Celestial as we do it in the Navy today is quite different from the days of Columbus.

Today, we have books with star charts and positions of stars and planets based on time of day. A celestial fix can be quite precise. This is the collected knowledge of 300 years of royal and republican observatories of many, many countries gathering the data day by day, year by year.

A modern celestial fix made by a skilled quartermaster or navigator is quite accurate. But it is not an easy skill to learn. Celestial was a whole semester course at Annapolis, and it was quite difficult, because while the concept is easy, the application is quite fiddly, with adjustments here and there. I recall getting a "B" in it, and sweating the load.

Applying it at sea, for a novice, ranges from difficult to damn-near-impossible because the horizon is often hazy or invisible, and the ship rocks and rolls. The worse the weather, the less possible. Experienced navigators and quartermasters can do it with some rapidity and accuracy. LORAN was always popular before GPS because it's easy: you look, and it tells you. The difference between electronic navigation and celestial is the difference between driving a truck and rigging up and driving a horse-drawn coach. The concept is the same, but the old tech is a lot more challenging.

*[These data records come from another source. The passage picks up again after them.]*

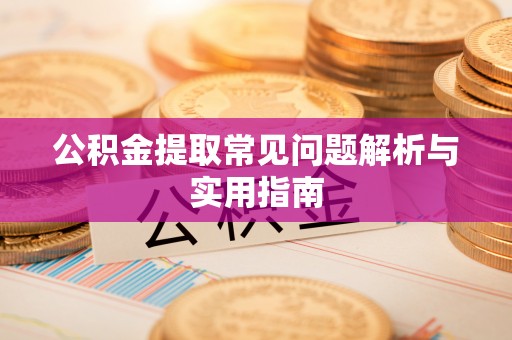 荔浦公积金提取常见问题解析与实用指南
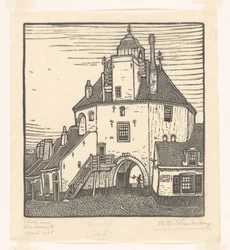 Fiskehavn i Harderwijk Het Vischpoortje, Harderwijk (original tittel)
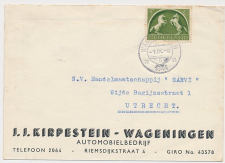 Firma briefkaart Wageningen 1944 - Automobielbedrijf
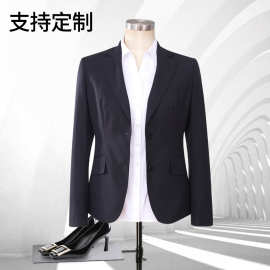 2021西装女定 制职业套装商务工作服正装黑色西服三件套西装套装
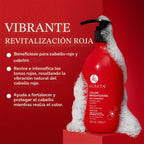 Luseta Champú Iluminador Color Rojo 16.9oz | Champú para cabello ro...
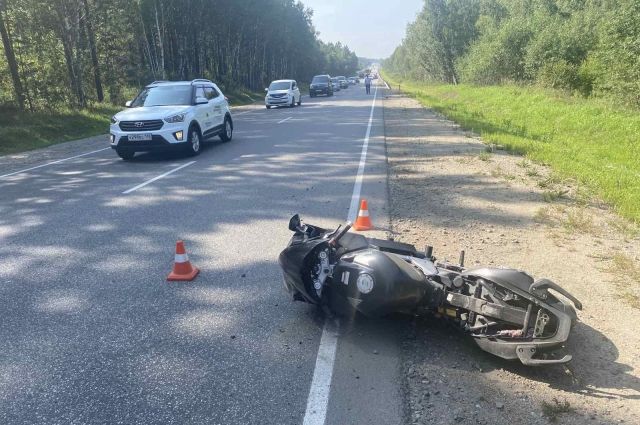 Под Ангарском погиб 29-летний мотоциклист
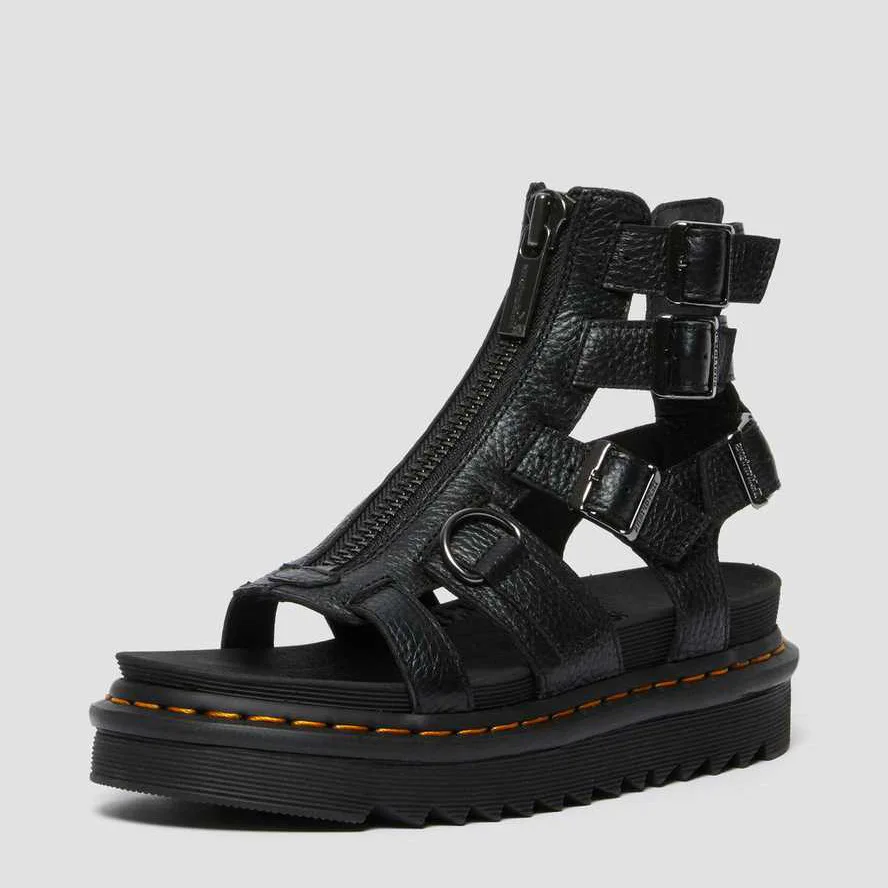 

Women's sandals 2023 summer new thick-soled women's sandals front zipper Roman sandals leather fashion buckle casual sandals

It is very good that they start to teach celestial again, even though it's hard. It's good because we always knew that LORAN and the other electronic means were subject to capture and deception by sophisticated players. Now, during the Cold War, were the Soviets really going to start diverting airliners into mountains and the like? No. They were certainly a grim and redoubtable foe, but they were never batshit crazy.

Jihadis are. So is the North Korean government.

Back in the days of Columbus they didn't have the star tables. Celestial was much cruder then: North star, compass, local apparent noon sunlines and the like.

With modern celestial, unaided by electronics, a ship could transit the Atlantic Ocean and be likely to arrive at the other side within about three nautical miles, give or take, of the intended.

With 17th Century navigation, the stars let them sail West, or East, at an approximate latitude line, blown about by the winds. They'd arrive somewhere along the coast within a couple hundred miles of their destination and sail up or down the coast to get there. It was all very approximative.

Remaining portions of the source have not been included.